The first consideration for a contract review and data abstraction project should be to determine whether technology can assist in the process. While historically the process of extracting data from volumes of contractual documentation has been a manual one, this is no longer the case. There are tools that can be utilized to locate and collate contracts stored on hard drives, file shares, network drives and various software platforms. Once contract files are found, these tools can index them and render any text fully searchable using optical character recognition (OCR) technology. Then, the information important to the client needs to be extracted from each contract. Automated meta-data extraction and categorization technology can be used to speed up this process and reduce the costs associated with traditional manual contract review. This technology auto-triages contracts based on certain business rules (e.g., the exclusion of expired, duplicate, unsigned or immaterial contracts), groups like-contracts together and prioritizes the most critical contracts for review before automatically extracting the metadata.

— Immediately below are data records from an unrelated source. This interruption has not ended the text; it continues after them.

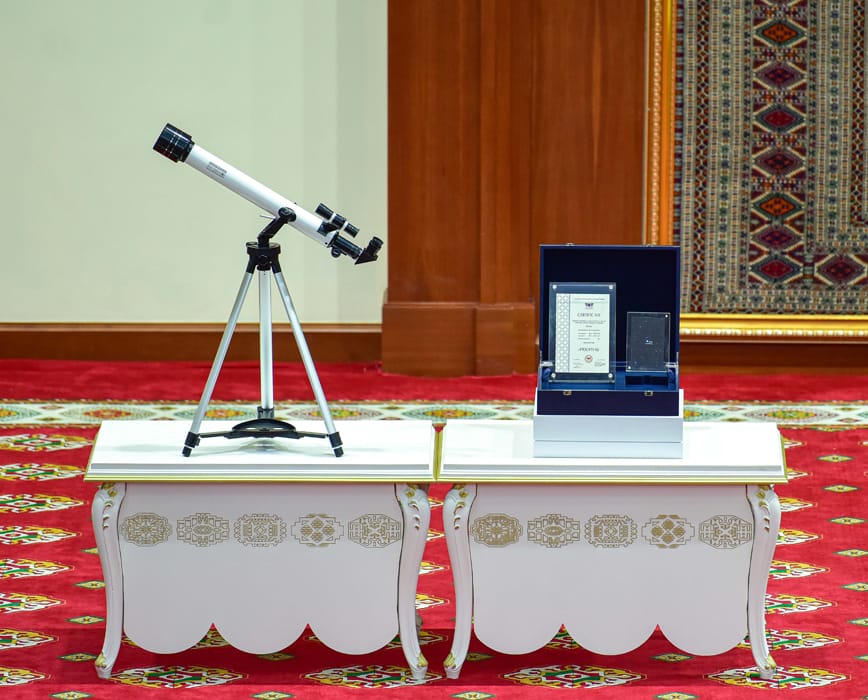 A star named Arkadag can now be seen through a telescope at TSU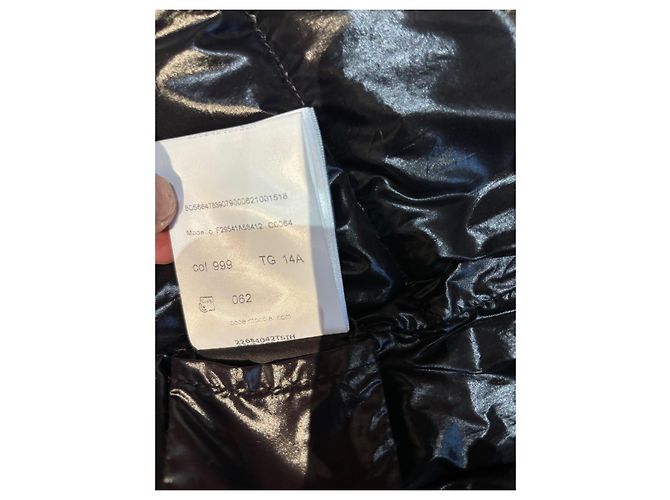 Giacca Moncler Nera Lucida con Cappuccio Removibile Nero - vista 11
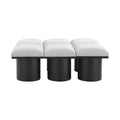 Ornella Cream Boucle Fabric Upholstered 6pc. Modular Bench - 6D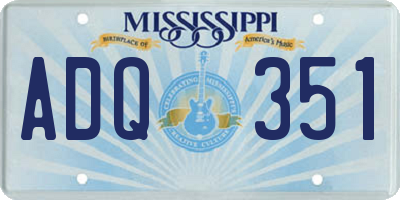 MS license plate ADQ351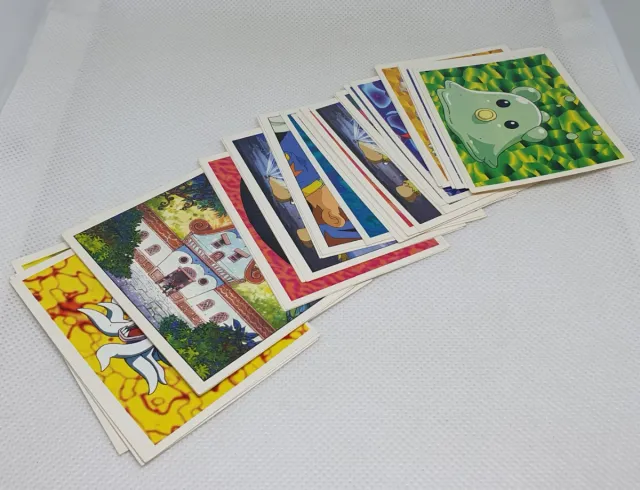 LOTE DE 113 CROMOS DIGIMON PANINI 2000 STICKERS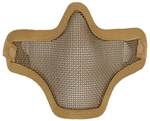 Bravo TacGear V1 Strike Steel Wire Mesh Airsoft Face Mask ( Tan )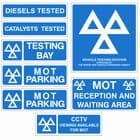 1l - V2 H/duty pack of 8 Official MOT signs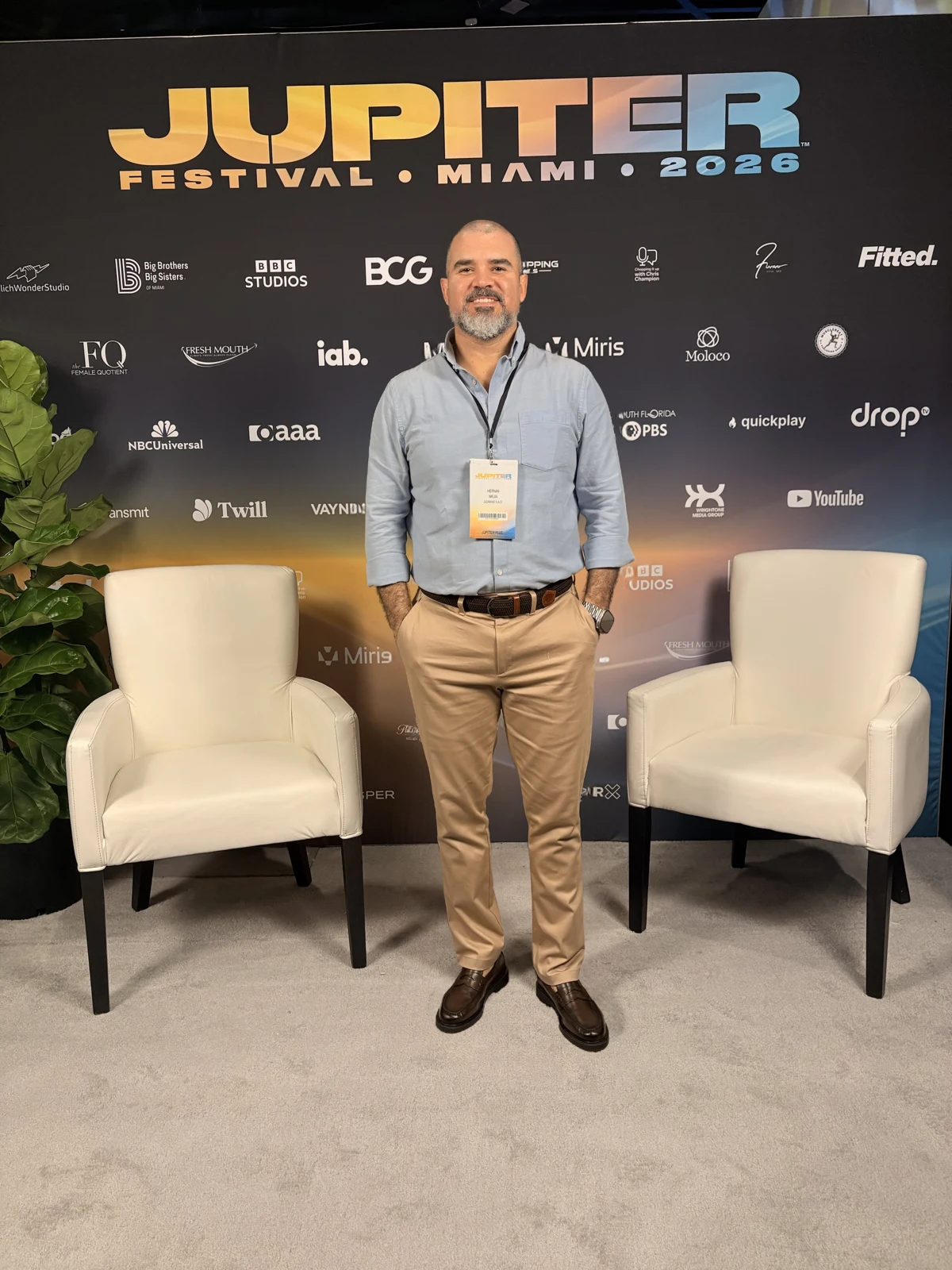 Hernán Mejía at Jupiter Festival, Miami, 2026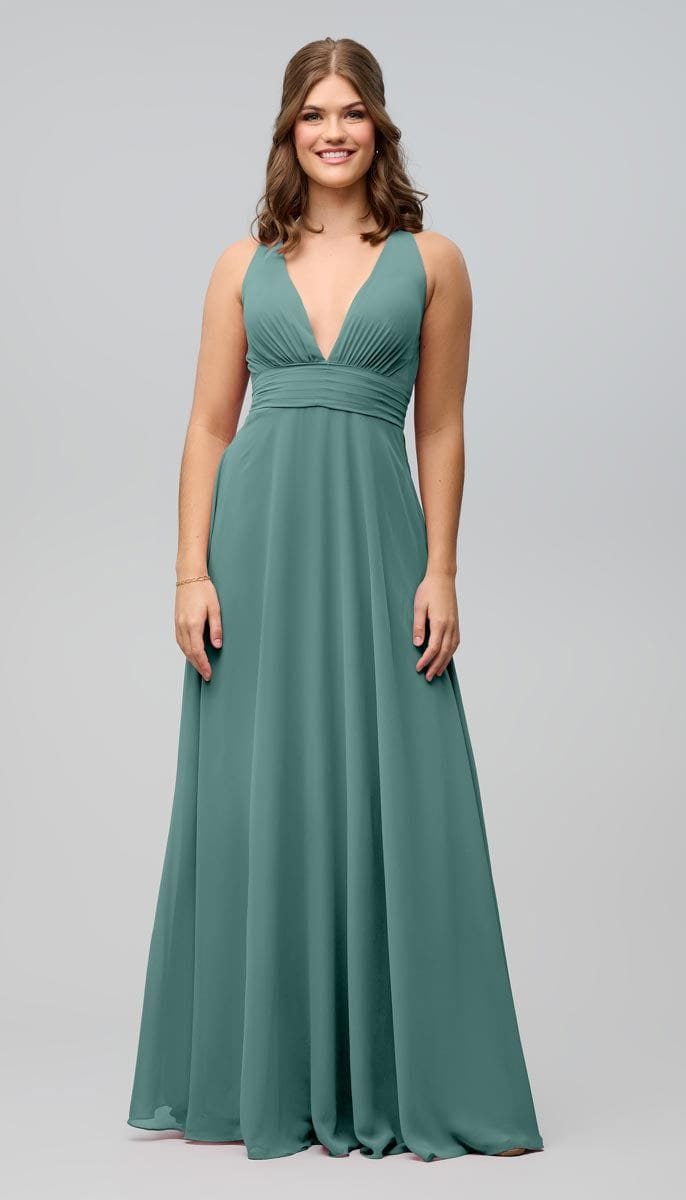 beach wedding teal bridesmaid dresses Teal David's Bridal One Shoulder Lace Long Flowy Gown Bridesmaid Dress Size 10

However, it is the LPO providers' combination of legally trained resources and leverage of technology that provides the most effective end-to-end solution. The software alone cannot extract every single piece of data that is important to the business. For the data the software does extract, a manual quality control process is essential to ensuring it is accurate and in the form that the business requires.Legal Spend Analytics This is another example where LPO providers are leveraging technology to support a more cost-effective and re-engineered delivery of legal services. Data analytics technology, incorporating specialized visual techniques, can facilitate the analysis and presentation of historical and ongoing e-billing data to help a legal department achieve overall legal spend reduction. Although some software companies operating within the legal spend analytics space offer stand-alone analytics services, the more innovative LPO providers are offering consultants, expert in the delivery of cost-efficient legal services, who can organize and interpret this data in support of overall legal process transformation. By digesting, analyzing and then presenting (in a dashboard format) the intelligence gleaned from legal invoices, it is possible to benchmark outside counsel and vendor performance. With access to the right data, one can create business intelligence reporting and management information that provides in-house legal and finance teams with updates on outside counsel spend, breakdowns of matters by firm, practice area and timekeeper, as well as savings opportunities, performance against budgets, benchmarking and many other key metrics.

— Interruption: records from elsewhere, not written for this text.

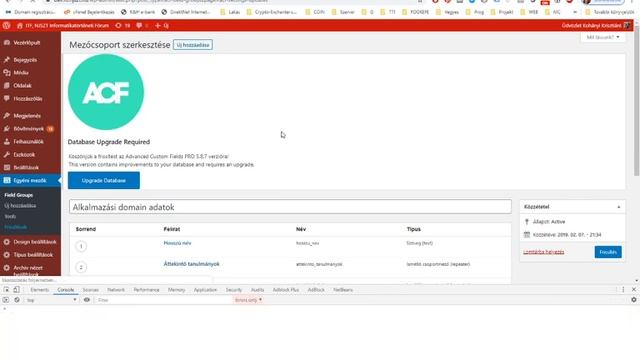 acf-pro database update failed смотреть онлайн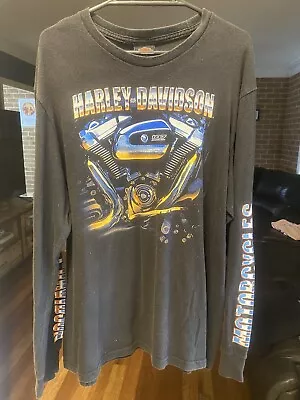 Men's Vintage Harley Davidson Long Sleeve Shirt Fraser Australia - Size Large • $50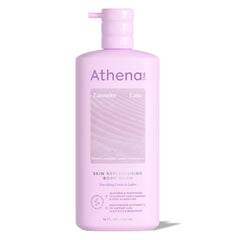 Athena Club front packaging showing bottle and Lavender Latte scent benefit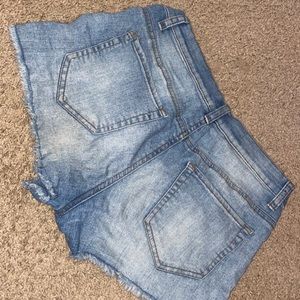 jean shorts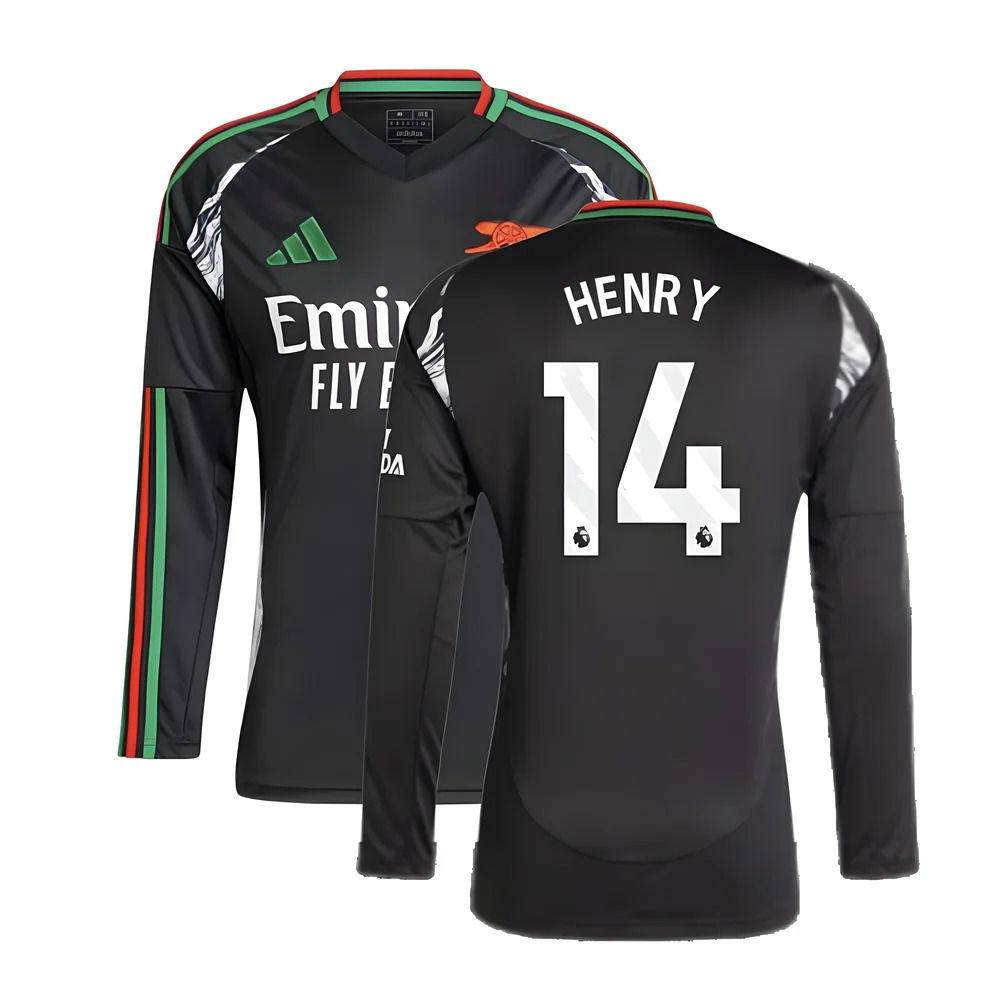 2024-2025 Arsenal Away Long Sleeve Shirt (Henry 14)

Knowledge, as they say, is power, and by utilizing software-enabled data analytics and dashboard reporting, corporate legal departments are empowered to revisit the entire gamut—the identification, selection, retention, management, cost and evaluation—of their relationship with outside counsel and other legal services providers. The end-game is one where resource allocation planning is optimized, ensuring that the right technologies and the right legal professionals, based on a combination of expertise, cost and availability, are assigned to the delivery of the requested legal services, given the type and complexity of the matters at hand.